● ENTRIES SHOWN
=======

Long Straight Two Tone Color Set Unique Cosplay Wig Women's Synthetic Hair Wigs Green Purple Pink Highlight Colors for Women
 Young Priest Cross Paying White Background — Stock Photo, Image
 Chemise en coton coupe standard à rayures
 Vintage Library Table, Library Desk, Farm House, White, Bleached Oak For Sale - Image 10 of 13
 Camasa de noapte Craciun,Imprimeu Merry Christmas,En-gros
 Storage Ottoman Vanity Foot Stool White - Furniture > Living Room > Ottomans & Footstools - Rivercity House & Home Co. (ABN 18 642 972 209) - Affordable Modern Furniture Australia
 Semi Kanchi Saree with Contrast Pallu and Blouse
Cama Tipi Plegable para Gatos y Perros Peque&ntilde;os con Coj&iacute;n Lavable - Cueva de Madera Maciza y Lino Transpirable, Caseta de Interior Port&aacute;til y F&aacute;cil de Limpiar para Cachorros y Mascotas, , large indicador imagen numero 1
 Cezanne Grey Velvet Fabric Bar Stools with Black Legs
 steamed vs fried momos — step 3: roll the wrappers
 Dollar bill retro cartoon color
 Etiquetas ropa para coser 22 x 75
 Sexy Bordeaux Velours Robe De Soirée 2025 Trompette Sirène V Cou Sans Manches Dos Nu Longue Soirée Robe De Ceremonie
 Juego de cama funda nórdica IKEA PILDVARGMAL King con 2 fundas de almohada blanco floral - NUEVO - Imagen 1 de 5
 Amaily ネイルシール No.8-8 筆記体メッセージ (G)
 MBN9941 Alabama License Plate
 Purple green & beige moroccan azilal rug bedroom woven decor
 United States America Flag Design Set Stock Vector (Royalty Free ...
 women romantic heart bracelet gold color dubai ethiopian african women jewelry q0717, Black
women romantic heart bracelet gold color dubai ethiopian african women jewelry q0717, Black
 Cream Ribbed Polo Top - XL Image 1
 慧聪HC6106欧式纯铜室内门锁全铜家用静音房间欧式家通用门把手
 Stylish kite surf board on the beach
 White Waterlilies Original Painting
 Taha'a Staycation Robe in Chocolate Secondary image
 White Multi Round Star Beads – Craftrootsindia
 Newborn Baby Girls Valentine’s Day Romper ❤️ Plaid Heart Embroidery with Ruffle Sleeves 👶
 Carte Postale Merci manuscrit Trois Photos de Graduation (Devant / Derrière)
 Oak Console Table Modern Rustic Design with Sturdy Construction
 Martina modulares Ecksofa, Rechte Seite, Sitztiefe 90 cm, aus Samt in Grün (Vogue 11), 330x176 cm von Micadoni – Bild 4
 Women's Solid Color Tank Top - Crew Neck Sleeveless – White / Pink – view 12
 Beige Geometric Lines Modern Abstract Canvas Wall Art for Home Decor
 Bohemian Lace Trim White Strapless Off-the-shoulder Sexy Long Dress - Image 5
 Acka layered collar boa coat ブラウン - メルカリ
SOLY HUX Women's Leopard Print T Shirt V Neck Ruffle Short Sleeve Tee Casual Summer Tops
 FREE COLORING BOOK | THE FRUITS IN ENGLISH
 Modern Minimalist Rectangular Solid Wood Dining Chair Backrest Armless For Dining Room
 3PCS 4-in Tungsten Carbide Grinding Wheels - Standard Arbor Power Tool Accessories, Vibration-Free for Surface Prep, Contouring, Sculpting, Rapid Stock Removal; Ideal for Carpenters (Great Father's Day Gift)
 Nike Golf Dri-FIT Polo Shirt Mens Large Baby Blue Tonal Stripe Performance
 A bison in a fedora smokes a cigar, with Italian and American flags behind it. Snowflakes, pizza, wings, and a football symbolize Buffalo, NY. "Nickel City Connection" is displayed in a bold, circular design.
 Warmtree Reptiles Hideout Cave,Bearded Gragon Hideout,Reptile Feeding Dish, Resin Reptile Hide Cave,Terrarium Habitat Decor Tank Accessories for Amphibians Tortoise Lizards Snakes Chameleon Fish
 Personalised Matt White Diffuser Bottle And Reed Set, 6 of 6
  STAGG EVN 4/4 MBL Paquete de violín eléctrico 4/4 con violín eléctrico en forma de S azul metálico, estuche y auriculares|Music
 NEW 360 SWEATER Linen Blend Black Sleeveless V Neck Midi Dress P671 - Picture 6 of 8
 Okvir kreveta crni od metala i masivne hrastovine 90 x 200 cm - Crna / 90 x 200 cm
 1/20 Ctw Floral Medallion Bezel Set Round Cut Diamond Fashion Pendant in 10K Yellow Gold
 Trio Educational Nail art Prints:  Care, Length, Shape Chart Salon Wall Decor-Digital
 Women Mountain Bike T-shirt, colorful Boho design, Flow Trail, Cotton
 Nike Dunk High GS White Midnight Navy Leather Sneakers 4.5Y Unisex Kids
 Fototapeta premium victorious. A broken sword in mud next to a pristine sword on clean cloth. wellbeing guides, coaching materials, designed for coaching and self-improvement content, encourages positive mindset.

=======

● PROBLEM DETAILS
Above are the entries. Quote exactly the lines from the one bearing "White Multi Round" through the one bearing "Beige Geometric Lines".

● EXERCISE SOLUTION
 White Multi Round Star Beads – Craftrootsindia
 Newborn Baby Girls Valentine’s Day Romper ❤️ Plaid Heart Embroidery with Ruffle Sleeves 👶
 Carte Postale Merci manuscrit Trois Photos de Graduation (Devant / Derrière)
 Oak Console Table Modern Rustic Design with Sturdy Construction
 Martina modulares Ecksofa, Rechte Seite, Sitztiefe 90 cm, aus Samt in Grün (Vogue 11), 330x176 cm von Micadoni – Bild 4
 Women's Solid Color Tank Top - Crew Neck Sleeveless – White / Pink – view 12
 Beige Geometric Lines Modern Abstract Canvas Wall Art for Home Decor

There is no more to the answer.